Comment from Ted Valoria, (8/7/2019, 11:48 AM)

Robert, I appreciate your comments and observations about your experiences with abrasive blasting for spot repairs. However, I would suggest that you consider using sponge media blasting to effectively repair damaged coatings without damage to existing, adjacent, coatings. Sponge-Jet surface preparation technology has been successfully used for many years to accomplish precisely what you are discussing in your blog. In fact, one US Navy Shipyard even referred to sponge blasting as a "surgical blast process" to repair coatings. In regards to your first point, sponge media blasting eliminates up to 95% of the emissions normally created by dry abrasive blasting, so the dust can be easily contained, and environmental issues abated. Sponge blasting is an ideal process to use around rotating equipment, valves and electrical boxes because of the low dust and the unique feature of no ricochet of the abrasive, which normally causes entrainment of the abrasives in valves, mechanical seals and electrical motors resulting in premature failures. To your second point, sponge media does not ricochet and therefore does not damage surrounding coatings like ordinary abrasives. As long as the operator keeps the nozzle pointed at the area being repaired there is no damage to adjacent coatings during a start and stop process. If an electric deadman were used rather than a pneumatic deadman then the blasting process would stop almost instantaneously.

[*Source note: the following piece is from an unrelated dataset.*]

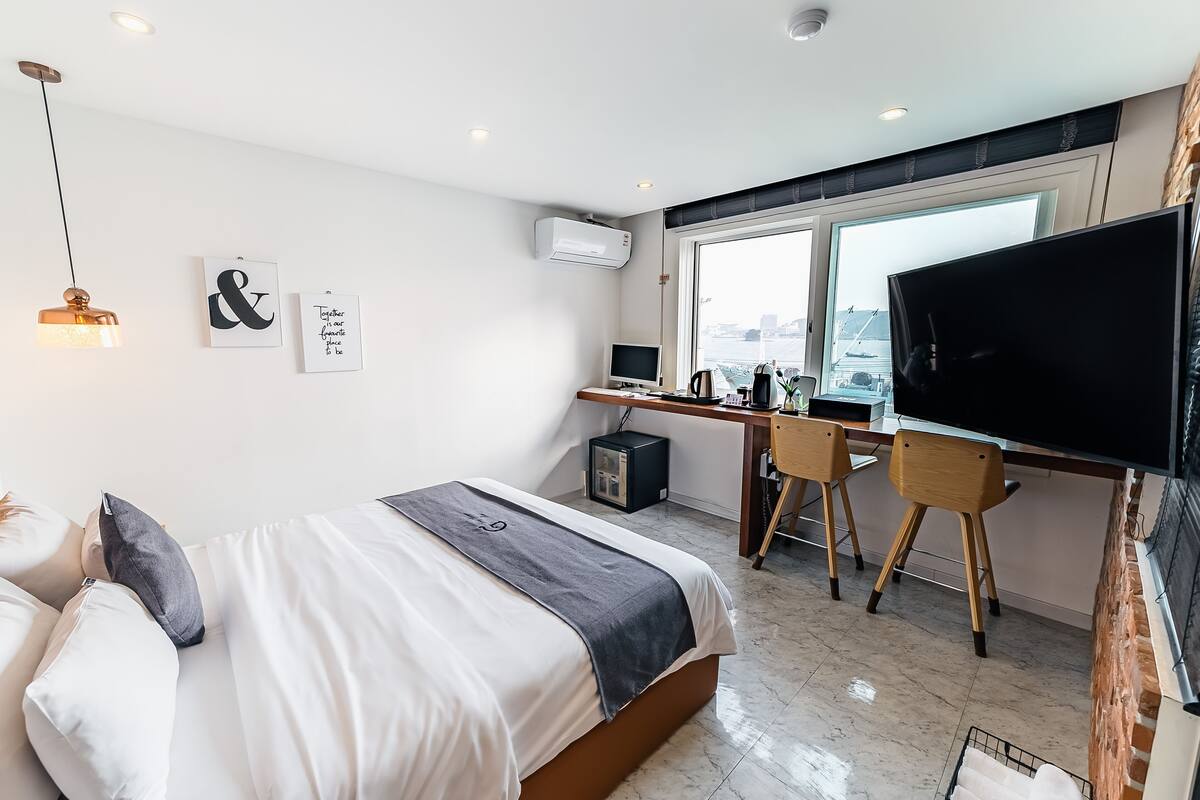 A modern hotel room with a bed, desk, TV, and large windows.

These methods would eliminate overblast. In point three you suggest that in your observations the abrasives damage feathered edges, and that may be true, but with sponge media, the abrasives are encapsulated in a foam material which allows the operator to perfectly feather the edges without shattering the intact coating. I would also like to add that it has always been the opinion of this organization (SSPC), and others, that the best method of surface preparation for coating adhesion and surface cleanliness has been to abrasive blast with an angular abrasive, to achieve the best surface for a coating application.


Comment from Damon Givens, (8/7/2019, 1:04 PM)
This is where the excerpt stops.